It was unclear on Tuesday morning whether Cyprus would hold a postponed vote on a bank deposit tax demanded by the eurozone and International Monetary Fund as part of a bailout.
Cypriot government spokesman Christos Stylianidis told Skai TV on Tuesday morning that there was no indication at that point that the vote, initially expected on Sunday, would be held.
Minutes later, Defense Minister Fotis Fotiou told Skai that it was possible the debate would be delayed or that if it started on Tuesday, the vote might happen a day later.
Stylianidis and Fotiou confirmed that as things stand, there is not enough support in Cypriot Parliament to approve the tax.

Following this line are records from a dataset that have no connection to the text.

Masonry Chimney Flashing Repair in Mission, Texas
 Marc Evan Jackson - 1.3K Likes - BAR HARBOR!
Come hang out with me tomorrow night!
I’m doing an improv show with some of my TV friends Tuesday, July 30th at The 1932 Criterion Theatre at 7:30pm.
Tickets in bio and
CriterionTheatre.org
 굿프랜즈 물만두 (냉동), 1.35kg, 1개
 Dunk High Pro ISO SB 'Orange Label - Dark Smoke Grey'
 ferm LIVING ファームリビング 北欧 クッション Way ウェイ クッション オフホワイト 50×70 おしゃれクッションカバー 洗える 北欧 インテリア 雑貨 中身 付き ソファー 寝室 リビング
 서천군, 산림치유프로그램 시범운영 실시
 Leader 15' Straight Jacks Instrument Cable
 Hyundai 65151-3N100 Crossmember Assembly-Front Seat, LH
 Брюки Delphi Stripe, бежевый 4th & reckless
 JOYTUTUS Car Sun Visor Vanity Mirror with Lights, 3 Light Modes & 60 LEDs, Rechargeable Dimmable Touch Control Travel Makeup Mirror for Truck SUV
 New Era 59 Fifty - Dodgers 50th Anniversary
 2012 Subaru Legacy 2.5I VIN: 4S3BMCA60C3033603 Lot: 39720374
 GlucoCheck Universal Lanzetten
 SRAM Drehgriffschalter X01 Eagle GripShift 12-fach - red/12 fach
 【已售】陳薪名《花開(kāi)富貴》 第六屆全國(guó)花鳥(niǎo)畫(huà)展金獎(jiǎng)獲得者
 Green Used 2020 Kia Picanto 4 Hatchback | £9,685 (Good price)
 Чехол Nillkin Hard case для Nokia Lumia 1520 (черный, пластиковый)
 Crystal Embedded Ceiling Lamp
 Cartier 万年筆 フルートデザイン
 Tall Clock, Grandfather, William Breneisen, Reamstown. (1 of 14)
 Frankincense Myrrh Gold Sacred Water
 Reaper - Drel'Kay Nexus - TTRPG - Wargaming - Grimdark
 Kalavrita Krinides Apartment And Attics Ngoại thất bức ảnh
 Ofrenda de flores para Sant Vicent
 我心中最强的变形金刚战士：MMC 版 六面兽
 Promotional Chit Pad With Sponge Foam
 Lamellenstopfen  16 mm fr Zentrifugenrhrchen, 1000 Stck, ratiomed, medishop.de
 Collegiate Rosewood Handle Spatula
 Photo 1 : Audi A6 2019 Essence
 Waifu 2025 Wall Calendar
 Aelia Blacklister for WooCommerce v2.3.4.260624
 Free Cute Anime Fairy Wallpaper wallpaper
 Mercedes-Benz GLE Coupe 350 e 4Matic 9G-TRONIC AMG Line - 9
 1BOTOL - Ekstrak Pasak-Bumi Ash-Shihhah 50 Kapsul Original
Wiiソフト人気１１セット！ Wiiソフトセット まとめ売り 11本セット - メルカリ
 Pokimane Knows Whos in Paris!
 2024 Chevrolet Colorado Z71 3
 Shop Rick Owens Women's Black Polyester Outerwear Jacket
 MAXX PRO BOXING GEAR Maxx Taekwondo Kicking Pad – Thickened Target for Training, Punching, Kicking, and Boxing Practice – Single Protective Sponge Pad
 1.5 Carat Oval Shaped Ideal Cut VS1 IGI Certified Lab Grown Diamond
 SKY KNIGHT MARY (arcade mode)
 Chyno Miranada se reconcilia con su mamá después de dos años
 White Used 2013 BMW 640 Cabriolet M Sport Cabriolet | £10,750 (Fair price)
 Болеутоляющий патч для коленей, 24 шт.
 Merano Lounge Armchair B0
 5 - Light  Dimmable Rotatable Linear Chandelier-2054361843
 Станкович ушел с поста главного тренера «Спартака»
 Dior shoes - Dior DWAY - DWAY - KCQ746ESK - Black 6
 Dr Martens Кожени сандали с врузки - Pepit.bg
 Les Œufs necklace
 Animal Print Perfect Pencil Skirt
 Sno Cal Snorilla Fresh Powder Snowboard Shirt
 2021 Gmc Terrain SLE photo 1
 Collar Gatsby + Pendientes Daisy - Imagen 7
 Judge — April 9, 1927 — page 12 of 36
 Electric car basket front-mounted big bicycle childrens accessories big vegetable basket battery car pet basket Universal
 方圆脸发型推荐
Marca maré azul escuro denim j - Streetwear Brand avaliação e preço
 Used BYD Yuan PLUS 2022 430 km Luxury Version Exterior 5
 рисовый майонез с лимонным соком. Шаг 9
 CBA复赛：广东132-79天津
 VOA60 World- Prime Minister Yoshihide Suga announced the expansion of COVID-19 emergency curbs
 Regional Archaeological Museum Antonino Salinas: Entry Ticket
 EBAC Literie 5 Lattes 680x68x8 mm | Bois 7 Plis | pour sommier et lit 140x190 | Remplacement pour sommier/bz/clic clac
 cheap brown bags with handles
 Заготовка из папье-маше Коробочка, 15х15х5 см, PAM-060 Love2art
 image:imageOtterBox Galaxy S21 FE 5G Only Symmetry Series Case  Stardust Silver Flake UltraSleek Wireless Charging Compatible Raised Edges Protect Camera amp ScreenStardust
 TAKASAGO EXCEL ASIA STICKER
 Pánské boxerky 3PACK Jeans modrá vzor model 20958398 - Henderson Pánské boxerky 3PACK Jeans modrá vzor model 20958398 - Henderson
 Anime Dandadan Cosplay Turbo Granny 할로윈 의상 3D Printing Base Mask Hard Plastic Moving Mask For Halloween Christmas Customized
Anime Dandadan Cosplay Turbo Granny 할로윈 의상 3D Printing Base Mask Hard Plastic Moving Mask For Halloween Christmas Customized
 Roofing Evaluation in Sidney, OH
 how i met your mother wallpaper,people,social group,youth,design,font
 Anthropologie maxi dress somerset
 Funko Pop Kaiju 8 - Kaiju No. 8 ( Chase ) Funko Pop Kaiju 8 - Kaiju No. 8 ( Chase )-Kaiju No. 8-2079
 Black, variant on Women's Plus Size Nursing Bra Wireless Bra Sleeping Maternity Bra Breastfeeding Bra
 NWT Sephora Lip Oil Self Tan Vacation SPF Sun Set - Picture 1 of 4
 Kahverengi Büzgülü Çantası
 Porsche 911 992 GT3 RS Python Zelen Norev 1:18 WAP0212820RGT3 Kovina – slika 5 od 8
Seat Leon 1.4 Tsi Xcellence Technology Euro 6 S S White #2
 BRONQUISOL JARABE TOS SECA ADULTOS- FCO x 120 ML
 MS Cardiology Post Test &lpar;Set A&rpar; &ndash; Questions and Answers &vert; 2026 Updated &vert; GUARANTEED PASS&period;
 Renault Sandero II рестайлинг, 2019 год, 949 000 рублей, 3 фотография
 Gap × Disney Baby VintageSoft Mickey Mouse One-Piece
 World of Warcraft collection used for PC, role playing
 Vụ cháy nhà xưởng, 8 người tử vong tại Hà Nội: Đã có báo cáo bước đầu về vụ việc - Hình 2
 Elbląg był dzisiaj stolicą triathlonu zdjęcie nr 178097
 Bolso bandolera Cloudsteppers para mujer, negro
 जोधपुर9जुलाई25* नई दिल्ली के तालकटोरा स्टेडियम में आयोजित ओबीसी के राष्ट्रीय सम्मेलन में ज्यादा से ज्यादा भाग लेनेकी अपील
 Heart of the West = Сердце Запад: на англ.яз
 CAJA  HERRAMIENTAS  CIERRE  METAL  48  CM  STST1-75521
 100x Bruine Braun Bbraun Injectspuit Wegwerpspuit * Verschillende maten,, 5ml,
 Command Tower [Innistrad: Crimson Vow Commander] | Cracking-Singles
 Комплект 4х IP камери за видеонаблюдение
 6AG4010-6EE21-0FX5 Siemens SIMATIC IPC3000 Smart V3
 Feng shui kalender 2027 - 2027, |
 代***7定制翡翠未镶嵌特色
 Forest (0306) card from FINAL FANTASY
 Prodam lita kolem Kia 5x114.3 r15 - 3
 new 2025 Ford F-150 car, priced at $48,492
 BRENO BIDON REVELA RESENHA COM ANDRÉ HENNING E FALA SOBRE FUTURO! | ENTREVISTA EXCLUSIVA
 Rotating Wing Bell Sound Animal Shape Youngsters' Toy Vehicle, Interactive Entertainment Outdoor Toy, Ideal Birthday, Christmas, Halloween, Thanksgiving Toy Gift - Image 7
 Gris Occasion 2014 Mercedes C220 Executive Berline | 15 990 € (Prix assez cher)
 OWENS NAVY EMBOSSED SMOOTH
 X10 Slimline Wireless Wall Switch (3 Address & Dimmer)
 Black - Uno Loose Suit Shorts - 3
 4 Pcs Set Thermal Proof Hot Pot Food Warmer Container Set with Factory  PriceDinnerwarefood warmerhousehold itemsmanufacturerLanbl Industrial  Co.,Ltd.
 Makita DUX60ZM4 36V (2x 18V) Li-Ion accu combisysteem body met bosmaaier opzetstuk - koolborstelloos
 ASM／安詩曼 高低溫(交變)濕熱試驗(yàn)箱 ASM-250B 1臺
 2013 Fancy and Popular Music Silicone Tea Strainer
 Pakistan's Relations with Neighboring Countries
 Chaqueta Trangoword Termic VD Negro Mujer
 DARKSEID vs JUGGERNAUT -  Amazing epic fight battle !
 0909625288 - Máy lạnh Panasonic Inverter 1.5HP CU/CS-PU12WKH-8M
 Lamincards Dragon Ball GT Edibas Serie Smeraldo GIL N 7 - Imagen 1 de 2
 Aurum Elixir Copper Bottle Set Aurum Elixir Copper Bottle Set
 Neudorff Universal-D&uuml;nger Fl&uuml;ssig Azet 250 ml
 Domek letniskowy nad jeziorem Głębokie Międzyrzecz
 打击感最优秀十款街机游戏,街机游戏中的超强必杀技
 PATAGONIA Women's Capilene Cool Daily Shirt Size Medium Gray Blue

Stylianidis said the government was examining changing the levy, with the possibility of savers with less than 100,000 euros in their accounts facing smaller charges or no charge at all.
Fotiou, meanwhile, compared the situation in Cyprus to the Turkish invasion of the island.
“Of course it’s similar,” he said, while adding that Nicosia is looking at other options.
“If this does not pass through Parliament then it is part of responsible politics for us to look at Plan B, which we are examining but can’t discuss publicly,” he said.
As of Monday night, it looked extremely doubtful whether President Nicos Anastasiades would get the 29 votes he would need for a majority in the 56-seat Parliament.
His Democratic Rally party (DISY) has 20 seats and will rely on support from its coalition partner, the Democratic Party (DIKO), which has eight MPs and then at least one of the two European Party (EVROKO) deputies or an independent lawmakers to support the tax.
The Communist Party (AKEL), the Socialists (EDEK) and the Greens said they would reject the levy.
However, DIKO indicated on Monday that it would not support the tax, which foresees deposits over 100,000 euros being taxed at 9.9 percent and those under 100,000 facing a one-off levy of 6.75 percent. It referred to the Eurogroup’s decision to approve the measure as “catastrophic.”